Today community members report renewed access to San Marcos Lempa via the ‘paved’ road. Many sections are washed out or still covered with a few inches of water, but smaller vehicles are now able to enter the communities.
Families from less directly affected communities such as Amando López and Octavio Ortiz are anxious to return to their homes, but Voices staff and other authorities are urging them to stay while the rain still falls. It has been raining without pause throughout the country since the early hours of this morning.
ACUDESBAL (the local inter-communal association) and CESTA (an environmental NGO) published a press release denouncing the role of the September 15th hydroelectric dam in the near total devestation of many communities in the Lower Lempa.

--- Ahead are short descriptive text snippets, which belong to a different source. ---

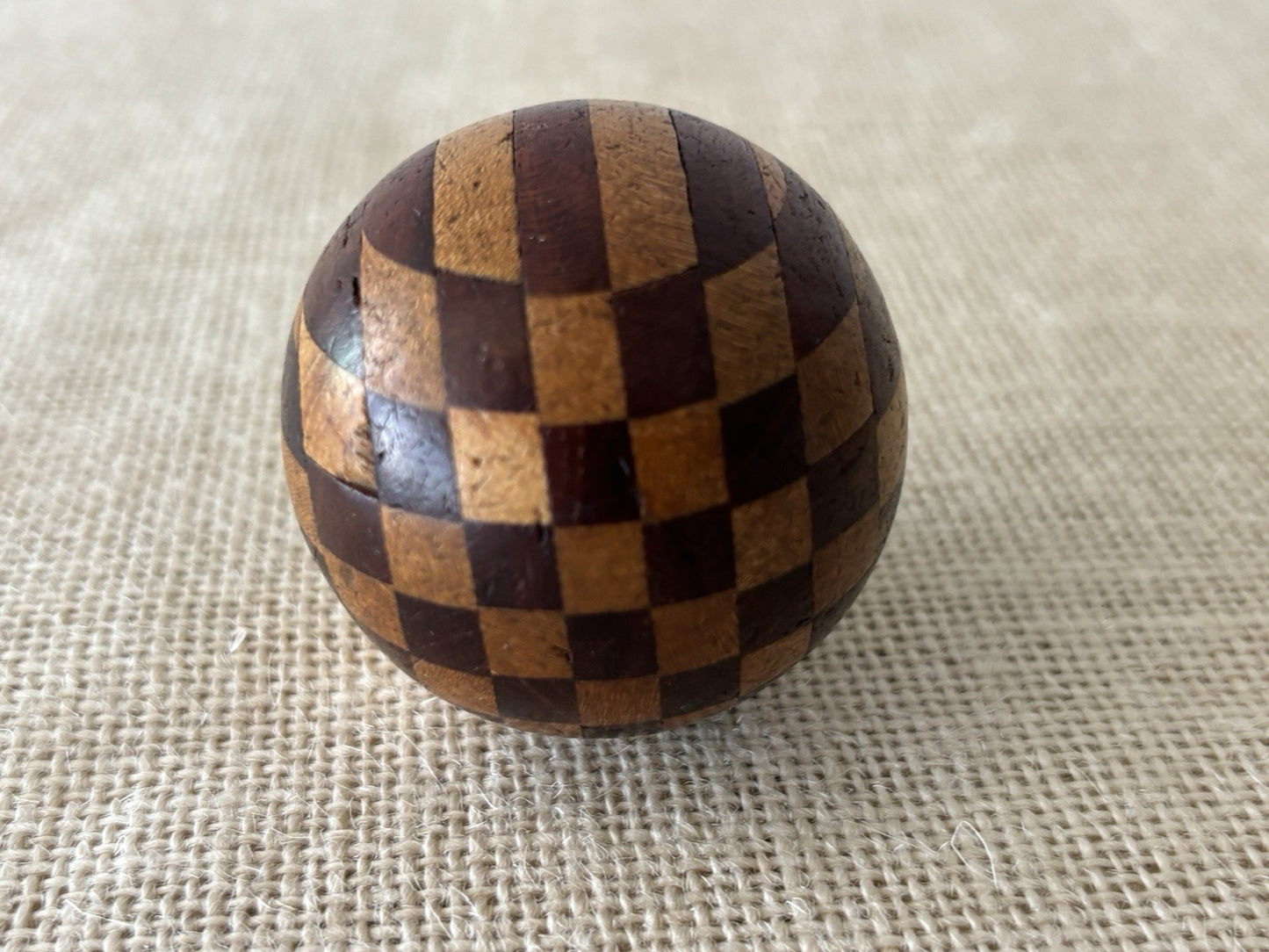 Arts & Crafts Intarsia Inlay Turned Wood Darning Eggs, set of 5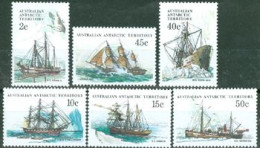 ANTARCTIQUE AUSTRALIEN 1981 - Série Courante- Bateaux -II - 6 V. - Bateaux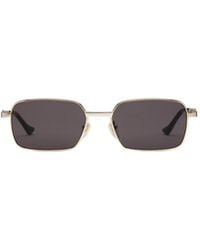 Gucci - Eyewear Rectangular Frame Sunglasses - Lyst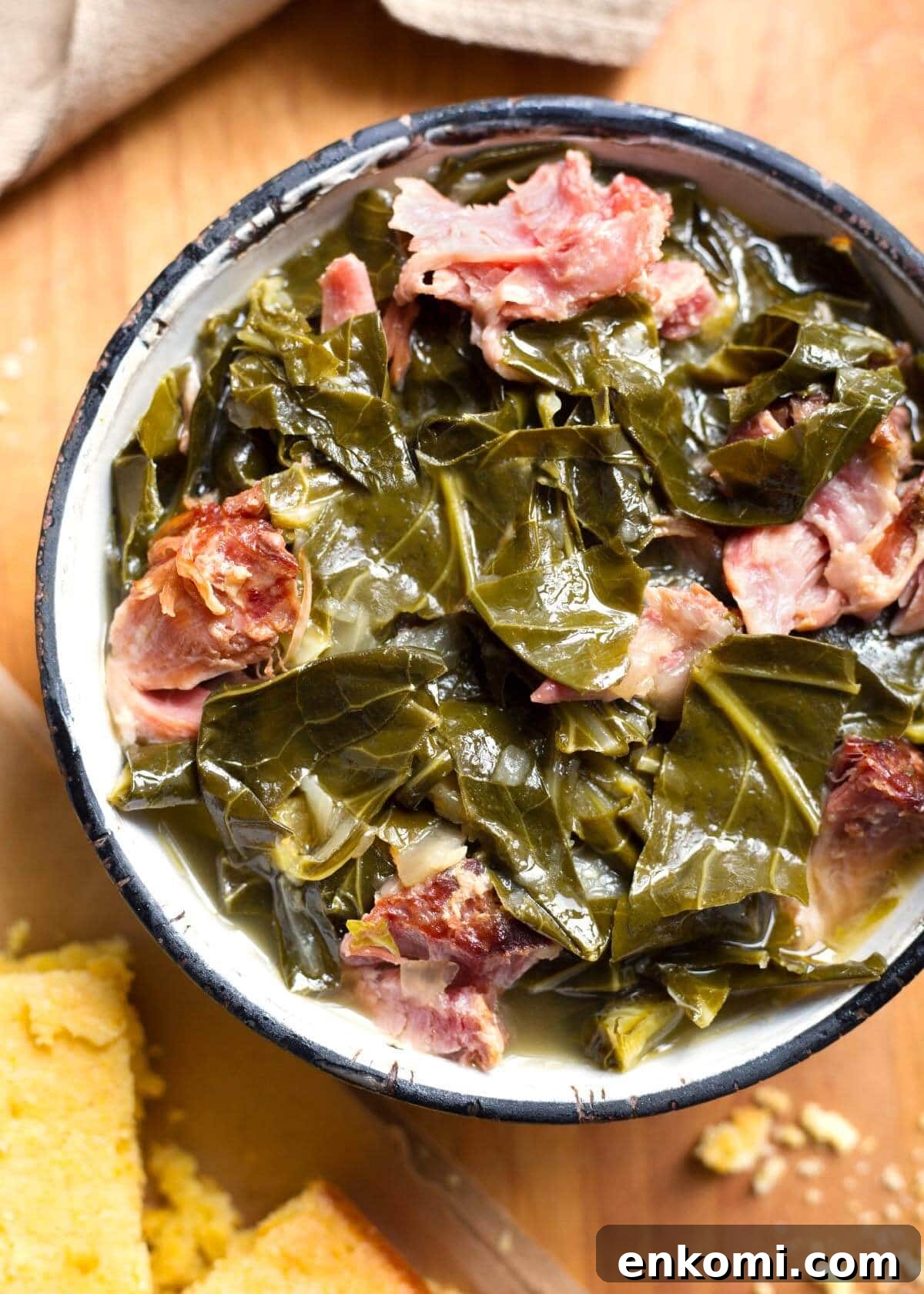 Southern Style Instant Pot Collard Greens 2 Instant Pot Collard Greens in a bowl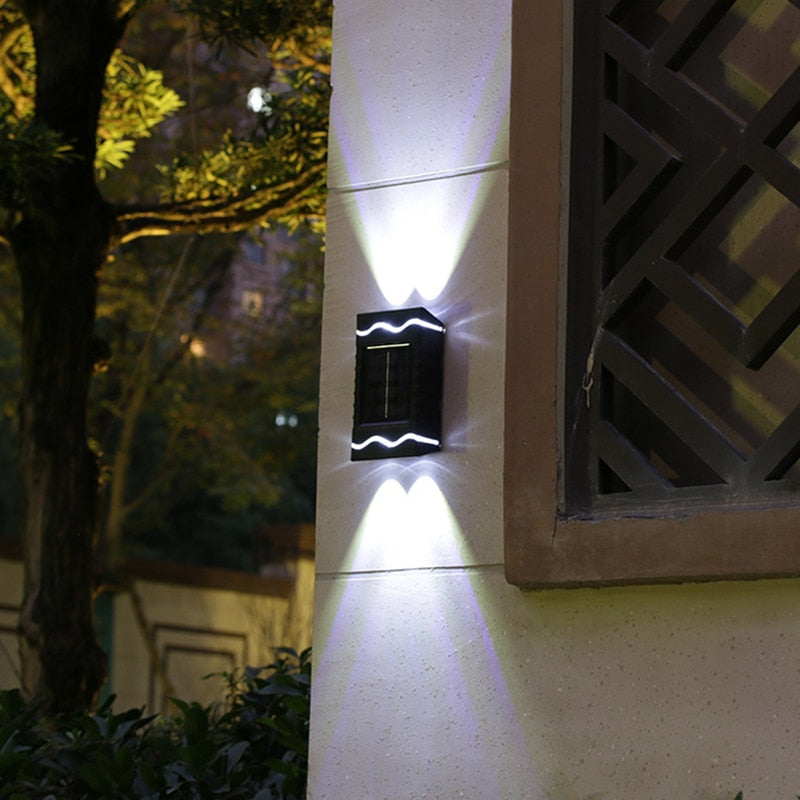 Modern Solar Wall Light  Smart LED Outdoor Lighting - Detailed view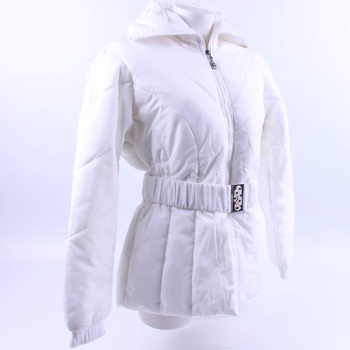 Dámská zimní bunda Sun bílá s kožíškem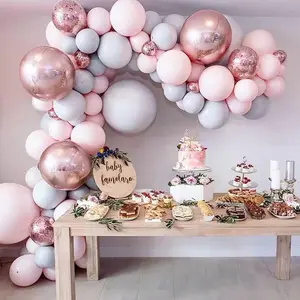 派对气球链套装生日派对婚礼气球拱形装饰品杏仁粉气球用品批发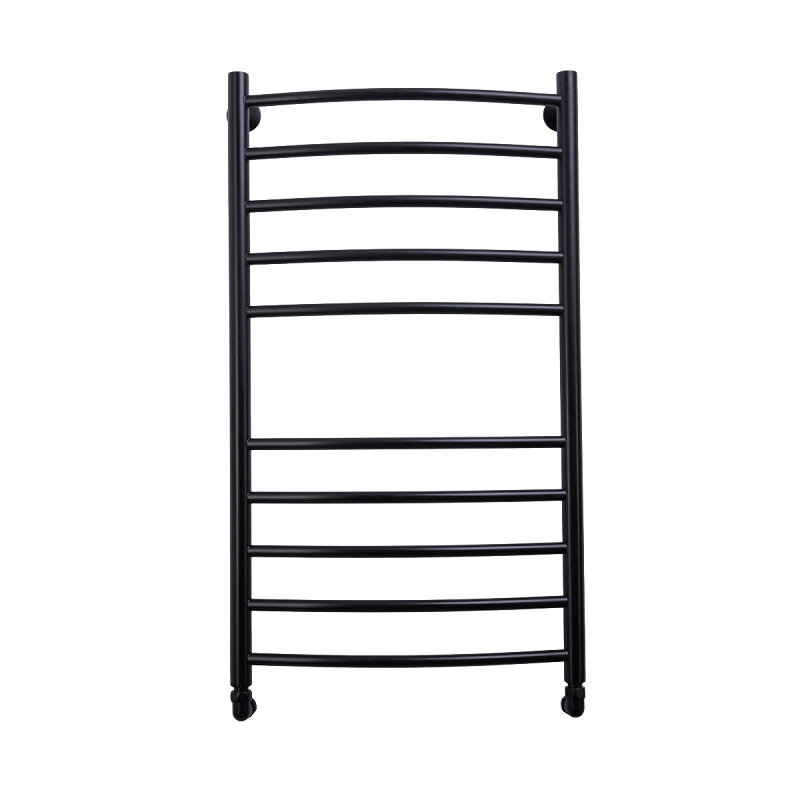 Изображение товара Полотенцесушитель водяной Comfysan Noumi W-10 100/40, 013929, ширина 40 см, высота 100 см, универсальное подключение, черный матовый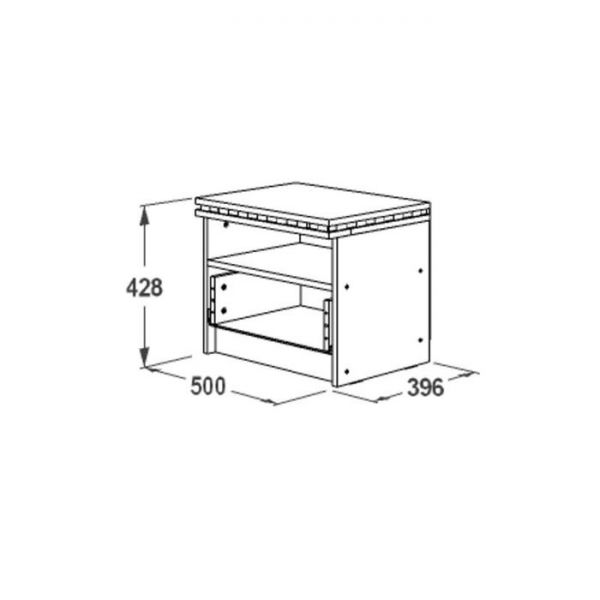 Тумба с 1-м ящиком «Ольга 13», цвет ясень анкор тёмный / ясень анкор светлый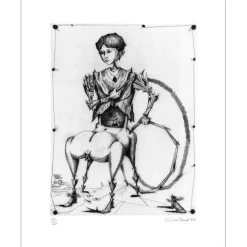 COUTAUD Lucien - Gravure originale "Kafka enfant" 37x28cm - 1948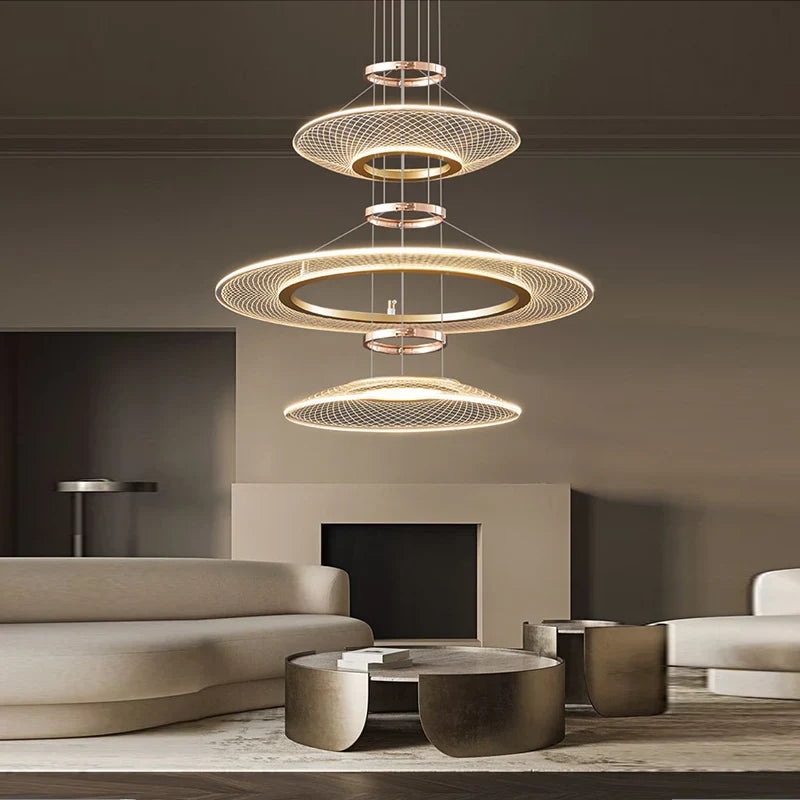 suspension double lampes led pour hôtel restaurant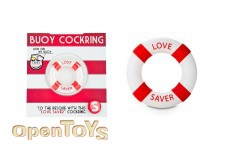 Buoy Cockring - Love Saver - Red 
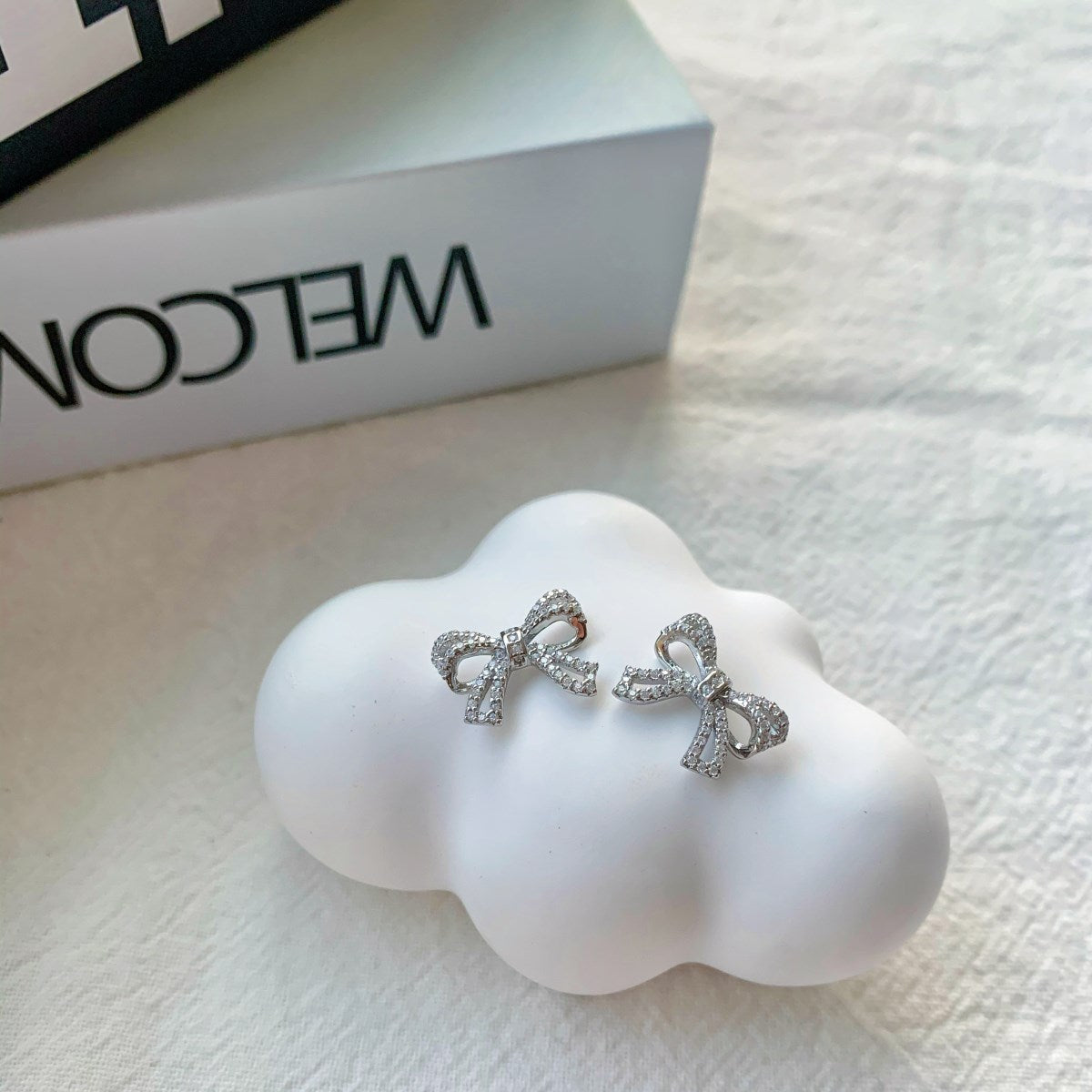 Opulence Ribbon Studs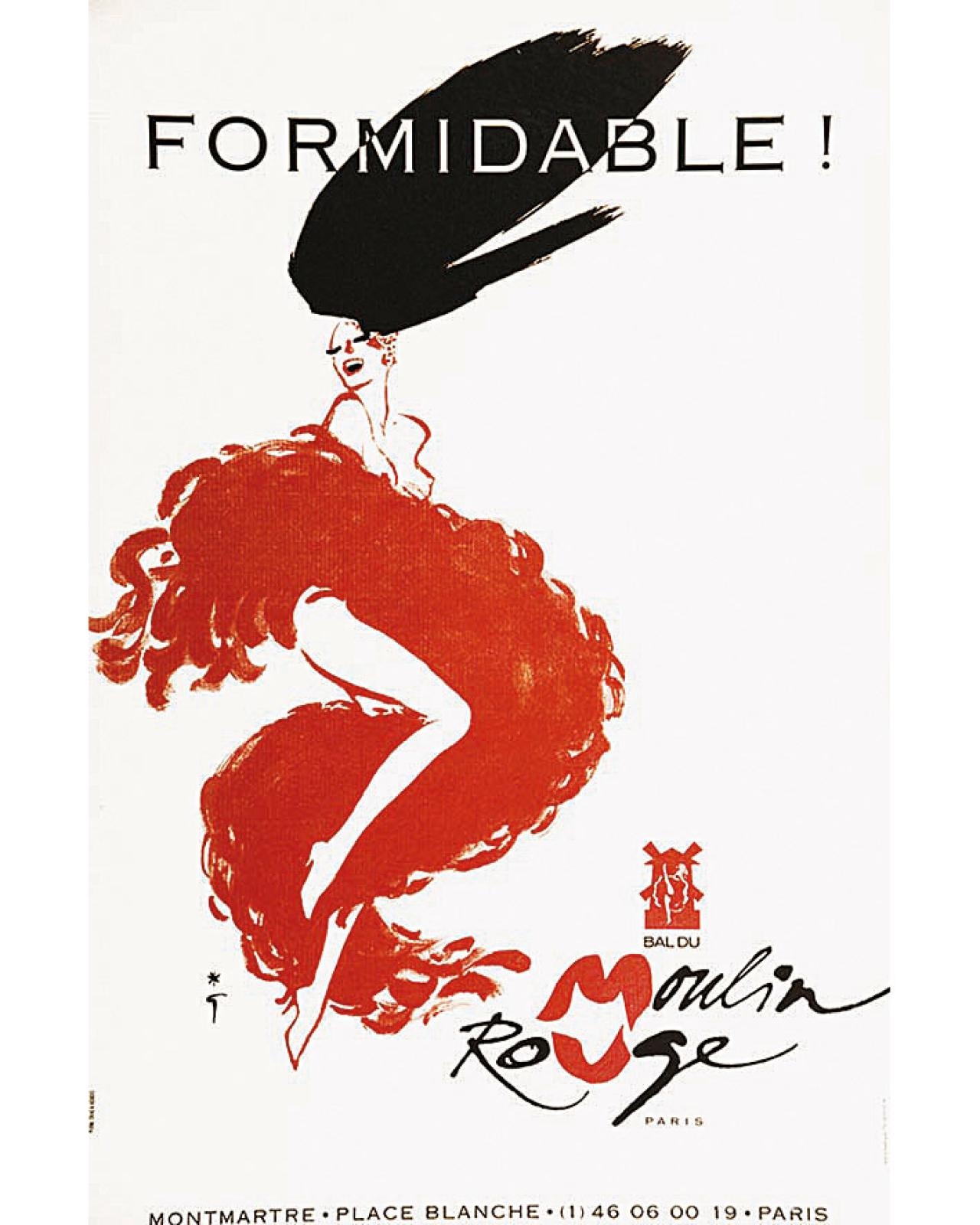 Moulin Rouge - Formidable by René Gruau, 1988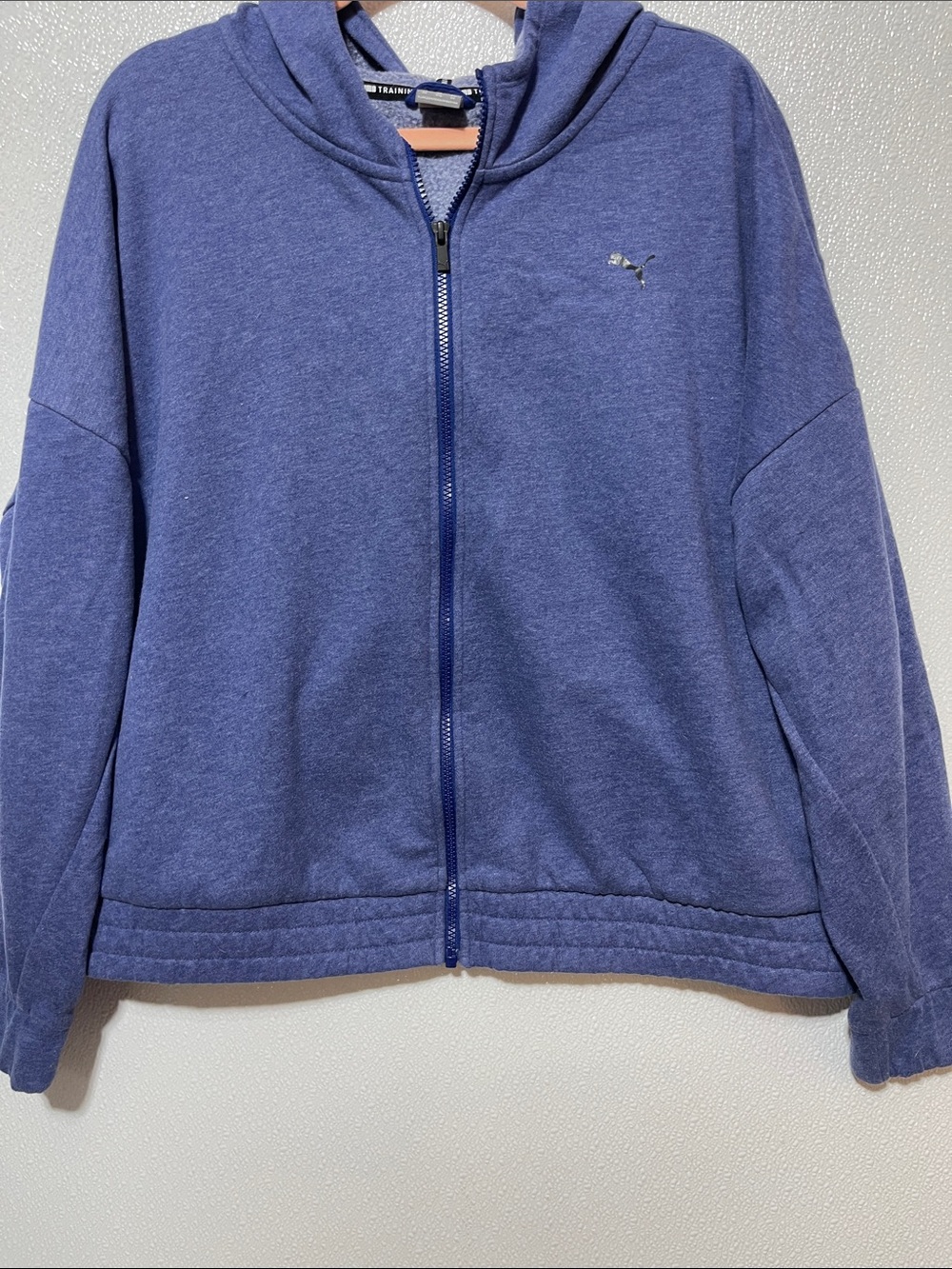 3/$30 Puma Heather Navy Full-Zip Hoodie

The release says “During this climatic phenomena, the CEL again released 11,500 cubic meters per second, but unlike Hurricane Mitch, this amount of water was released for a prolonged period of time, and the river bed is more clogged [than in ’98’], which caused flooding from San Marcos Lempa all the way down to Montecristo Island”. The release demands that CEL accept responsibility for their negligence, especially after an interview with the CEL president Irving Tochez, where he claims that CEL is in no way responsible for the devestation, but rather mitigated further disaster by ‘helping to retain water and releasing it in a controlled manner’.
They end by stating ” the road to recovery will be extremely difficult, but we know we can count on the support and solidarity among the organized communities, here and abroad”.